Legend has it that the French 75 cocktail was invented in France during the First World War and named after the French 75 recoilless canon, renowned for being able to keep up a rapid rate of fire with high accuracy.  It is rumored to have quite a kick, and it is a little stronger than most champagne cocktails.  Since it’s almost 100 years old, there are a lot of recipe variations available.  (I’ve seen one that uses gin, calvados, and absinthe, and others substitute cognac for the gin.)  Feel free to do some research and experiment if this version is not to your taste.  Like most champagne cocktails, it’s easy to make, fun to drink, and looks elegant in a flute. 

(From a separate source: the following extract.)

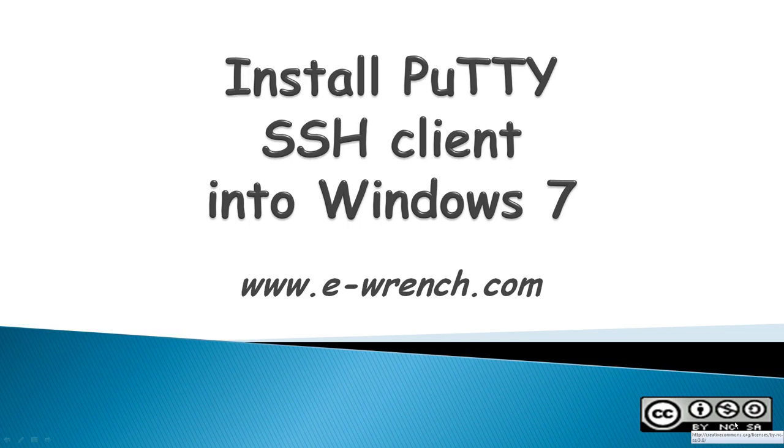Hello, my name is Mike Rainer, and this video is how to install PuTTY Secure Shell Client into a Windows 7 computer.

The original French recipe only calls for four ingredients, champagne included, and no mixing or shaking.  It uses a lot less gin, so I’ve adjusted my recipe closer to most American recipes.  Unless you keep your gin in the freezer and your lemons in the fridge, you will want to either shake or stir the non-champagne ingredients to chill them down so they don’t warm up your champagne.  Note that if you’re using sweeter champagne, you may want to cut back on the simple syrup.  The recipe below will make about two ounces, and most flutes only hold around six, so you can use the shaker contents for two cocktails if you want to have more champagne in the mix (this is closer to the original recipe).  This cocktail is worth a little extra effort to get it right.  You should really enjoy the interplay of the botanicals in the gin with the fruit in the champagne.

French 75 (with acknowledgement to

1 oz Bombay Sapphire® Gin

½ oz freshly squeezed lemon juice

½ oz simple syrup

4-5oz well chilled champagne

Combine gin, lemon juice, and simple syrup with cracked ice in a shaker.  Shake like you’re trying to whip up a nice froth on a cup of chocolat chaud while thinking of Juliette Binoche.  Strain into a chilled champagne flute and fill with ice cold champagne.  Garnish with a maraschino cherry in the glass and a small orange wedge on the lip.  Get ready for a treat. 



  1. Tried this over Christmas. What a revelation. It's a really excellent drink.
    We've recently replaced our use of Bombay with the New Amsterdam Gin for these types of drinks. Cheaper and still every bit as nice.

  2. The French 75 is probably my favorite Champagne cocktail. I recently bought a pump for sparkling wine bottles that maintains pressure after they are open so that I can enjoy an F75 without having to down a whole bottle.

    I'll have to try the New Amsterdam Gin, especially if it's a lot cheaper than Bombay. I see the state store has a sale on the large bottles this month.